Regardless of the investment horizon, the key is to have a finger on the pulse of what might signal a sea change in a given industry — for our purposes, of course, payments. In an interview with PYMNTS, Trevor Rich, principal at private equity firm Lovell Minnick Partners, said that the “playbook is changing substantially” in the industry, with a movement toward “merchant acquirers, as defined by the old guard … evolving beyond mere credit card and debit card” acceptance and simple payments (and hardware) to a more software-oriented mindset. “It used to be about what could be thought of as ‘dumb terminals,’” said the investor, with enough of a fragmented market to give rise to a successful rollup strategy, as smaller firms became fodder for larger ones. Now, the space has fine-tuned a bit to embrace certain verticals, such as restaurants, for example, or retailers.
And, Rich told PYMNTS, POS systems have found anchor well beyond serving as just the initial point of contact between a customer and the transaction itself. Software and the evolution beyond “dumb terminals” mean that the back end comes into play, so much so that inventory management (to name one example and one that can work across a supply chain) can serve as one differentiator in offerings with value to the enterprise — no longer a payments investment landscape dominated by ISO rollups but one where PE and other firms can choose among software development within new market segments.
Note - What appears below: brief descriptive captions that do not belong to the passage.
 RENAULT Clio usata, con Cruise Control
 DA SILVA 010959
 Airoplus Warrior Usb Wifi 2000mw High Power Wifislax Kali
For investors, said Rich, the net should be cast in a relatively narrow way — “looking for the products that are narrow rather than broad, with, for example, solutions that would cater well to the retail segment” but may not “be all things to all firms.” The hardware-housing tech at the point of sale, said Rich, is standardized enough so that Samsung, Apple or other marquee brands tend to be the go-to names for the actual tangible tech. But ease of use and what Rich termed a “plug-and-play” method of adoption become important.
“We tend to want to invest where the tailwinds are behind us,” as measured by a technology shift and where the exit strategy may be marked by the possibility of acquisition or IPO. But the emphasis now, he added, looks beyond growth (top line, that is) and even net income to project an inflection point where customer acquisition costs give way to positive cash flow, as management teams focus on organic growth.